— Exercise requirements —
Each line in the records below, from the one that contains "Maeva Ghennam en" to the one that contains "Elegant Floral Garland", should be reproduced exactly, the first and last included.

— Extracted data —
□ □ □ □

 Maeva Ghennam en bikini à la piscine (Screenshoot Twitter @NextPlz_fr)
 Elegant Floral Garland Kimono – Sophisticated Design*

□ □ □ □

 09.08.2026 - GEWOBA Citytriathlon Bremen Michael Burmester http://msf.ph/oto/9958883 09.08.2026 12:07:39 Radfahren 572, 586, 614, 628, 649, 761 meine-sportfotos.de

□ □ □ □

— Solution to the problem —
 Maeva Ghennam en bikini à la piscine (Screenshoot Twitter @NextPlz_fr)
 Elegant Floral Garland Kimono – Sophisticated Design*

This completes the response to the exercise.